View Code? Open in Web Editor NEW

This project forked from learn-co-students/dsc-welchs-ttest-nyc-ds-033020

0.0 0.0 0.0 517 KB

License: Other

Jupyter Notebook 100.00%

dsc-welchs-ttest-nyc-ds-033020's Introduction

Welch's T-Test

Introduction

Thus far, you've seen the traditional Student's t-test for hypothesis testing between two sample means. Recall that z-tests are also appropriate for statistics, such as the mean, which can be assumed to be normally distributed. However, when sample sizes are low (n_observations < 30), the t-test is more appropriate, as the t-distribution has heavier tails. Even with this modification, remember that there are still several assumptions to the model. Most notably, traditional t-tests assume that sample sizes and sample variances between the two groups are equal. When these assumptions are not met, Welch's t-test is generally a more reliable test.

Objectives

You will be able to:

  • List the conditions needed to require a Welch's t-test
  • Calculate the degrees of freedom for a Welch's t-test
  • Calculate p-values using Welch's t-test

T-test review

Recall that t-tests are a useful method for determining whether the mean of two small samples indicate different underlying population parameters. The reasoning behind this begins with the use of z-tests to calculate the likelihood of sampling a particular value from a normal distribution. Furthermore, by the central limit theorem, the mean of a sample is a normally distributed variable centered around the actual underlying population mean. That said, t-tests are more appropriate for small samples (n_observations < 30), due to disproportionate tails. Finally, recall that the t-distribution actually converges to a normal distribution as the degrees of freedom continues to increase.

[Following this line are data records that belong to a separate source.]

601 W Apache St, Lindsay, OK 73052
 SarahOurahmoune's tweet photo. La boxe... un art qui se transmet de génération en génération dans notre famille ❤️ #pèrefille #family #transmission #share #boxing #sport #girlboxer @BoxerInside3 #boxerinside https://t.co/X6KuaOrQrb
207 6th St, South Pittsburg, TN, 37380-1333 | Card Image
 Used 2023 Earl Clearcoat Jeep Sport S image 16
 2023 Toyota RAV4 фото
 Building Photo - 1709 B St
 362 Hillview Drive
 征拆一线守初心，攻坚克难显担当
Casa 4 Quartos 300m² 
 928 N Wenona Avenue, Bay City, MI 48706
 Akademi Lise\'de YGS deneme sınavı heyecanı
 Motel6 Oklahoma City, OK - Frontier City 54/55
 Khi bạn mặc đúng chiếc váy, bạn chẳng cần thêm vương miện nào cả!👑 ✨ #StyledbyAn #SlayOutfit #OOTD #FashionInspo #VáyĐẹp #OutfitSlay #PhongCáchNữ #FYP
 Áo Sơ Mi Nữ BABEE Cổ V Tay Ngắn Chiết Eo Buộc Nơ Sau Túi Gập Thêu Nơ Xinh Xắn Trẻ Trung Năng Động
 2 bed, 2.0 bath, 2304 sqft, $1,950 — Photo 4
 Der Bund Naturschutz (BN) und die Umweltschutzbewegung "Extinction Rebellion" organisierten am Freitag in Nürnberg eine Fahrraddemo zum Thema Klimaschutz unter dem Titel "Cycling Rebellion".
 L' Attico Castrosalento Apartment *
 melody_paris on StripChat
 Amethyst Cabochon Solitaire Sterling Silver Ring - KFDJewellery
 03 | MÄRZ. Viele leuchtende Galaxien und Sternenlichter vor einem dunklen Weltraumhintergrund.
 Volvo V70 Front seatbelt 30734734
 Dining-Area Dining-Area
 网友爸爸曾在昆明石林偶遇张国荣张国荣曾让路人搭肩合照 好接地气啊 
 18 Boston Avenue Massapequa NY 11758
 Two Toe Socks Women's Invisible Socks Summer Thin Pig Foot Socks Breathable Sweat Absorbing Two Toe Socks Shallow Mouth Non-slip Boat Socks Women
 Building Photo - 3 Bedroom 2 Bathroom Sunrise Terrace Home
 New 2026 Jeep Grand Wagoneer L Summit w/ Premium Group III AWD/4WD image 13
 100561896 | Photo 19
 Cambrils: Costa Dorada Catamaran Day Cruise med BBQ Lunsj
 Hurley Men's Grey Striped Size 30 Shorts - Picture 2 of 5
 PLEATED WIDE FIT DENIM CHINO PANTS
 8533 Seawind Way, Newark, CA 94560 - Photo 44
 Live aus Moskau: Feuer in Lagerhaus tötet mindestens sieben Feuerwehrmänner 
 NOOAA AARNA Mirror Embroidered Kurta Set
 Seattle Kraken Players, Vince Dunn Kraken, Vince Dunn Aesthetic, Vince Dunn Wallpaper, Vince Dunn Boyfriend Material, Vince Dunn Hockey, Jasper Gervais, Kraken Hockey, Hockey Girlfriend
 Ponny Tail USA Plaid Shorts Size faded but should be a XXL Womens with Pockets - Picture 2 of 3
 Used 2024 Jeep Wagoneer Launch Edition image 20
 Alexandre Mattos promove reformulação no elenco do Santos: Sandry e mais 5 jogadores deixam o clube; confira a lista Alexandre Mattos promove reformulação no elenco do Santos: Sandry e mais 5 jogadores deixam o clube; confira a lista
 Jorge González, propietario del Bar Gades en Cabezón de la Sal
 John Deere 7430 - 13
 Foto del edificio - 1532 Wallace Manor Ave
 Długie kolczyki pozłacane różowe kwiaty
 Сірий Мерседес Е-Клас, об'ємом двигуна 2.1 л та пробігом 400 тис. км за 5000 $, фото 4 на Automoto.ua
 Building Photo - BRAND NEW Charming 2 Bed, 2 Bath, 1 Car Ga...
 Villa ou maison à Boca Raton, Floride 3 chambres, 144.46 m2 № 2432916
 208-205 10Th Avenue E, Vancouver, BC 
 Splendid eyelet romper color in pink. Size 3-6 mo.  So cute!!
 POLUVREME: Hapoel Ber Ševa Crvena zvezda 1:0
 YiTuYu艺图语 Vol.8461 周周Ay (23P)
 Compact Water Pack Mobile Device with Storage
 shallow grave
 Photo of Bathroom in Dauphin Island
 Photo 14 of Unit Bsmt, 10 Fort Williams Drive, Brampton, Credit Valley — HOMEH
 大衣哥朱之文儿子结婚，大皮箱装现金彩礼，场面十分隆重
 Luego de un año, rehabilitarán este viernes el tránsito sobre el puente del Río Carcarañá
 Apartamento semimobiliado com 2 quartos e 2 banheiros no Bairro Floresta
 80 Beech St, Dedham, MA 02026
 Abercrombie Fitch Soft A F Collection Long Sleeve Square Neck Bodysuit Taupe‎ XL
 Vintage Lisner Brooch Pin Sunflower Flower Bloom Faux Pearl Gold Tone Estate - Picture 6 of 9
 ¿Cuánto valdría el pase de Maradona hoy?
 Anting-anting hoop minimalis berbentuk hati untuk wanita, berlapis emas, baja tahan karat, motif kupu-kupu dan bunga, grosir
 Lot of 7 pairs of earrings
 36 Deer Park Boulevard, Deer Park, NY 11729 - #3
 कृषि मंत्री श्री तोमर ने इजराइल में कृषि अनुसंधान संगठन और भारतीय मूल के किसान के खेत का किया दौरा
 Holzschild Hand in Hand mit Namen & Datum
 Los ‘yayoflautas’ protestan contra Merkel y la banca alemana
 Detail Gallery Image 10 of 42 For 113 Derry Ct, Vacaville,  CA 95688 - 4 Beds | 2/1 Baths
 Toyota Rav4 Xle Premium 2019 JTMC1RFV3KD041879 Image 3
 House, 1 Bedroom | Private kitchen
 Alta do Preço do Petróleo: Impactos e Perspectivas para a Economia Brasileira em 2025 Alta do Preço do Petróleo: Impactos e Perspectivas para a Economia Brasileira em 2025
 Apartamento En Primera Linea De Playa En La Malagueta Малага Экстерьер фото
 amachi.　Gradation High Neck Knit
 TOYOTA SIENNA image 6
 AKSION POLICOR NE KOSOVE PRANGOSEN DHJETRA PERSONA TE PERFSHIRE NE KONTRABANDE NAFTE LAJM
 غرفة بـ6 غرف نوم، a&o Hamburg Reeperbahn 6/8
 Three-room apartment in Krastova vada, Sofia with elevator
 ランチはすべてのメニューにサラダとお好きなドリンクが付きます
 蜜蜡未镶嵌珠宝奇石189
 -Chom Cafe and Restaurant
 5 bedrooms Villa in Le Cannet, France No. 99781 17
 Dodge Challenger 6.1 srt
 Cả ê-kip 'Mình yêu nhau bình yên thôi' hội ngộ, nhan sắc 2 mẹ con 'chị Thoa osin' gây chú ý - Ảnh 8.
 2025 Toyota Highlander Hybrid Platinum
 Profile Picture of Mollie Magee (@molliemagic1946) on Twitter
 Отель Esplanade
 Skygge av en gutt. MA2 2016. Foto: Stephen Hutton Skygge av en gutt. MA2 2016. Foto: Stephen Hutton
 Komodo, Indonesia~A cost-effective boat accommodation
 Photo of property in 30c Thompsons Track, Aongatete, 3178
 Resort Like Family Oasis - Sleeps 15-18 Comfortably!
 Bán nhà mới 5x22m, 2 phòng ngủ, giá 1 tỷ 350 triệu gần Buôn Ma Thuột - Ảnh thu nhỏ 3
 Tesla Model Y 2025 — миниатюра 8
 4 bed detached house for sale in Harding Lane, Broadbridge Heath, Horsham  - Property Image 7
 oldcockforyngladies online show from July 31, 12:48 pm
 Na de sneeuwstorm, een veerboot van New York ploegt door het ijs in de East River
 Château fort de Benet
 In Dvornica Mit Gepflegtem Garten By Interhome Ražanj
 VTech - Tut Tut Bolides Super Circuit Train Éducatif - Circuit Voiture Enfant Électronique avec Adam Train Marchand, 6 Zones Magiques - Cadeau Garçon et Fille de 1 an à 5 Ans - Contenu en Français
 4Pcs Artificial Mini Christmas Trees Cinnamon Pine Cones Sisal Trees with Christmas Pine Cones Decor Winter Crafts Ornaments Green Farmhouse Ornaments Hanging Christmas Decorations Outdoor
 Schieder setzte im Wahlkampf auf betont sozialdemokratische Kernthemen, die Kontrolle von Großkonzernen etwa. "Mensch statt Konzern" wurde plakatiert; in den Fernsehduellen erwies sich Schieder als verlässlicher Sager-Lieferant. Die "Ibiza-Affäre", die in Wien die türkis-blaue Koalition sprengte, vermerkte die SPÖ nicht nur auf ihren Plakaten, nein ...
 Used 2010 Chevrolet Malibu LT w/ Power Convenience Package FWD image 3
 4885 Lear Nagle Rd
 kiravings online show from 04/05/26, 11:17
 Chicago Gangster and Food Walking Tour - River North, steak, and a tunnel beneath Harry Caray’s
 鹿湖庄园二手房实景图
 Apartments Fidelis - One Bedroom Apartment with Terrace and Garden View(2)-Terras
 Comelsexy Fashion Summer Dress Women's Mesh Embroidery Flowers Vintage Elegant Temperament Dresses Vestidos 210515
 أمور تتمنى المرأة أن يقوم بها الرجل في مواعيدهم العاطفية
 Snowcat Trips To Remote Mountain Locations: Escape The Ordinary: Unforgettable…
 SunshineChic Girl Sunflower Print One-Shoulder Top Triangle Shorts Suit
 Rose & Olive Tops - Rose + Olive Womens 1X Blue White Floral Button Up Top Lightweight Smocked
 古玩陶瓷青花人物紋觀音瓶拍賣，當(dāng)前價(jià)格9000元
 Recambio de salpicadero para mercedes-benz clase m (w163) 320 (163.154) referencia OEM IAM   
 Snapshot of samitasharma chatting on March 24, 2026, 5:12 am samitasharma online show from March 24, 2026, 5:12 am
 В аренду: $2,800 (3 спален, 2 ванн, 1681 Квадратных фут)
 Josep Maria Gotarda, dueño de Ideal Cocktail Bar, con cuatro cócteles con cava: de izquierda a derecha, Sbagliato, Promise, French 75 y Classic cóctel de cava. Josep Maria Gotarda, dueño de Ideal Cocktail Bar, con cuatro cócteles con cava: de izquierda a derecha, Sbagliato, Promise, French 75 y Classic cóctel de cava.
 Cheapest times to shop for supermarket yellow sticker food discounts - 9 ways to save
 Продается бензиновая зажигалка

A normal distribution vs. t-distributions with varying degrees of freedom. Note how the t-distribution approaches the normal distribution as the degrees of freedom increases. Recall that when performing a two-sample t-test, assuming that sample variances are equal, the degrees of freedom equals the total number of observations in the samples minus two.

Welch's t-test

Just as Student's t-test is a useful adaptation of the normal distribution which can lead to better likelihood estimates under certain conditions, the Welch's t-test is a further adaptation that accounts for additional perturbations in the underlying assumptions of the model. Specifically, the Student's t-test assumes that the samples are of equal size and equal variance. When these assumptions are not met, then Welch's t-test provides a more accurate p-value.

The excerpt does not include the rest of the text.